Leave every image out, and print the remaining lines below exactly.

SUPPLIED MATERIAL:
__________________________________________________

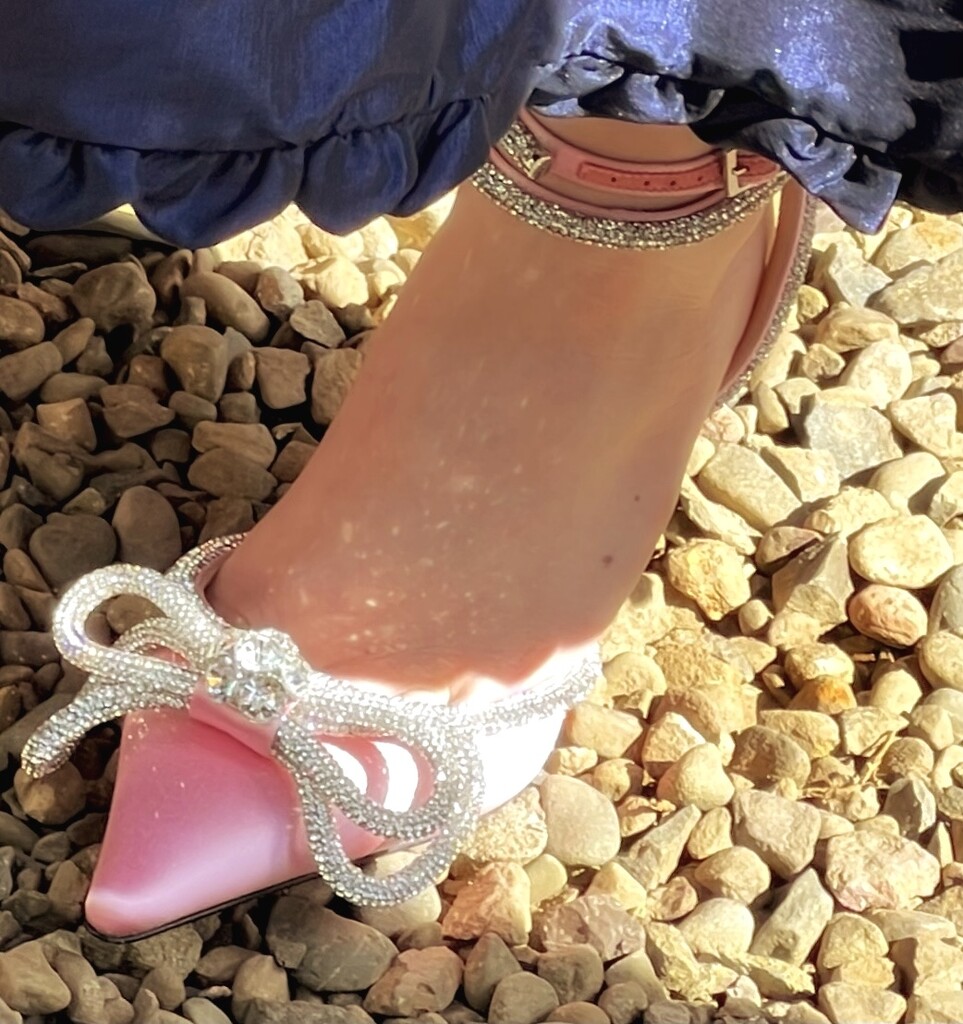 Shoe (2) by rensala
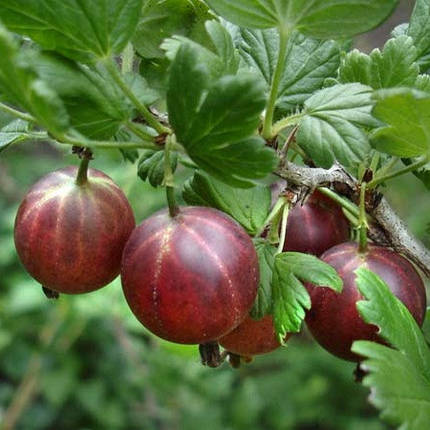 Саджанці агрусу "Оксамит", напівупаковані, фото 3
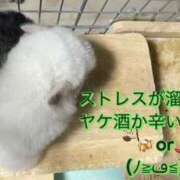 ヒメ日記 2025/10/20 23:13 投稿 さき club さくら日本橋店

__________________________________________________

RESULT OF THIS TASK:
 Shoe (2) by rensala
 Саджанці агрусу "Оксамит", напівупаковані, фото 3
 ヒメ日記 2025/10/20 23:13 投稿 さき club さくら日本橋店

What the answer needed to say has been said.